Caption-style text data
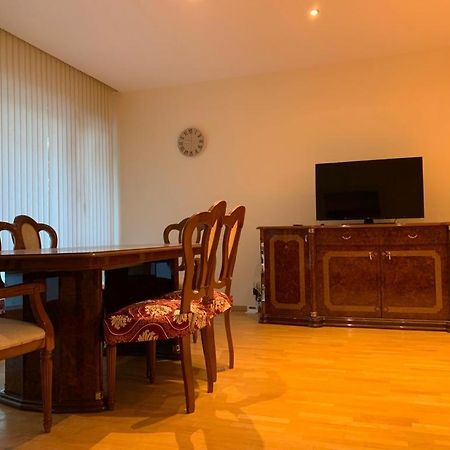 Lovely Two Bedroom Apartment With Free Parking アントウェルペン エクステリア 写真
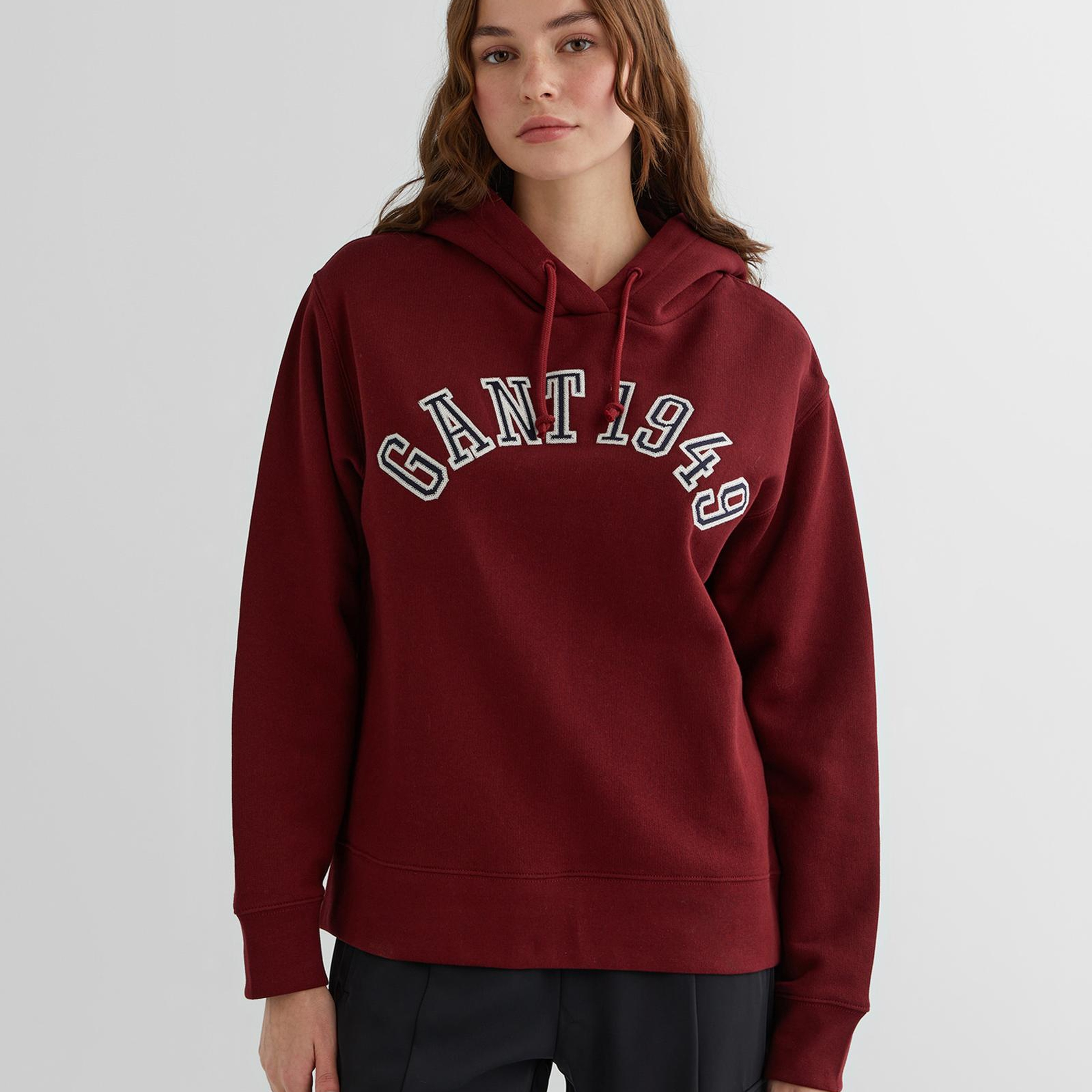 GANT Kadın Bordo Relaxed Fit Kapüşonlu Logolu Sweatshirt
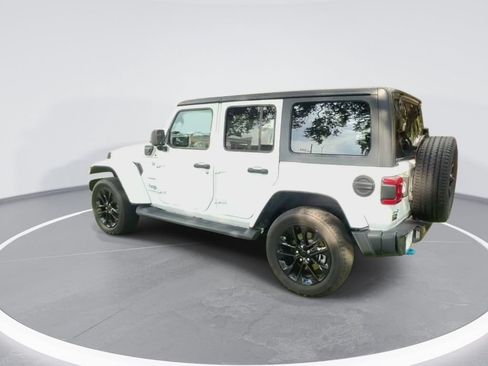 Used 2023 Jeep Wrangler Unlimited Sahara w/ Cold Weather Group AWD/4WD image 6
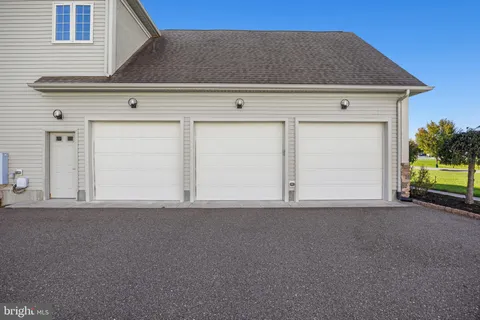 $1,300,000 | 211 Emerald Lane, Mullica Hill, NJ 08062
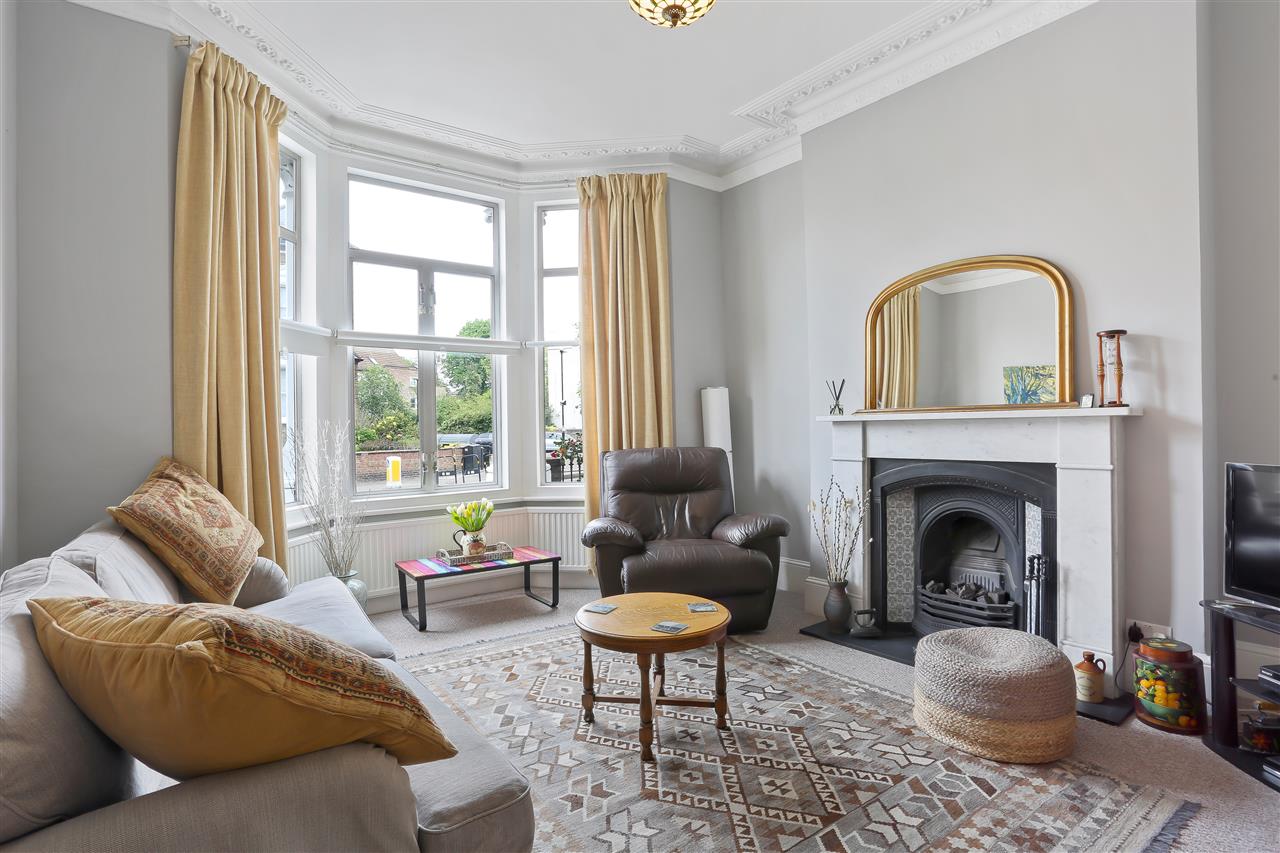 5 bed terraced house for sale in Mercers Road  - Property Image 1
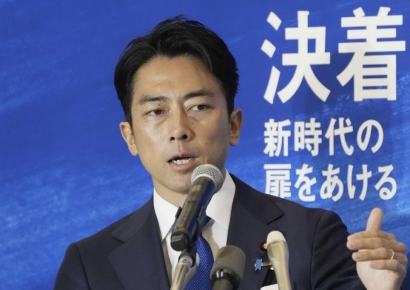 "친모인줄 알았는데 고모였다"…'최연소 총리 도전' 고이즈미, 가정사 고백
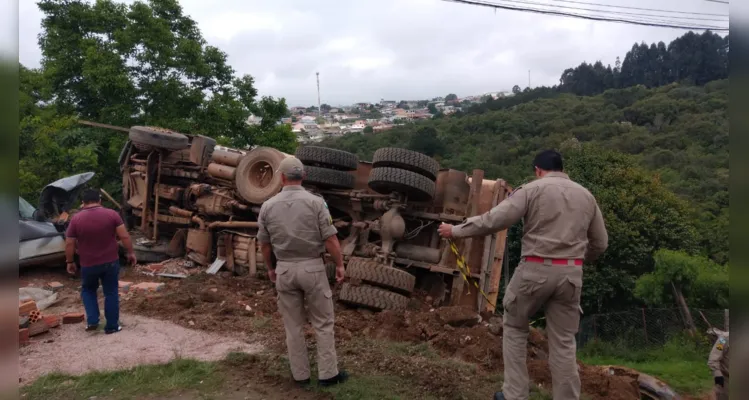 Acidente aconteceu na manhã desta segunda-feira (17), na Rua Teixeira de Freitas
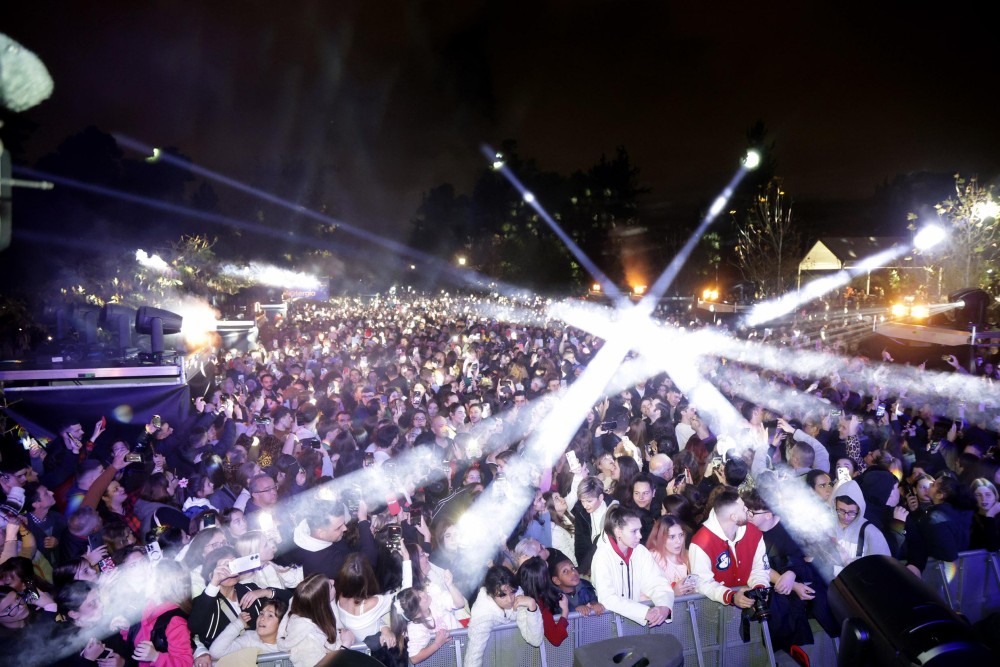 2024-12-09-at-00.09.54-1000x667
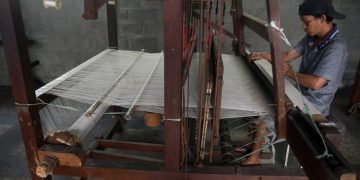 Menengok proses pembuatan kain sutra di Bogor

:: Task item ::
No images belong in the copy. Transcribe every record exactly.

:: Written solution ::
 Lovely Two Bedroom Apartment With Free Parking アントウェルペン エクステリア 写真
 GANT Kadın Bordo Relaxed Fit Kapüşonlu Logolu Sweatshirt
 Used 2023 Jeep Wrangler Unlimited Sahara w/ Cold Weather Group AWD/4WD image 6
 $1,300,000 | 211 Emerald Lane, Mullica Hill, NJ 08062
 5 bed terraced house for sale in Mercers Road  - Property Image 1
 "친모인줄 알았는데 고모였다"…'최연소 총리 도전' 고이즈미, 가정사 고백
 Acidente aconteceu na manhã desta segunda-feira (17), na Rua Teixeira de Freitas
 2024-12-09-at-00.09.54-1000x667
 Menengok proses pembuatan kain sutra di Bogor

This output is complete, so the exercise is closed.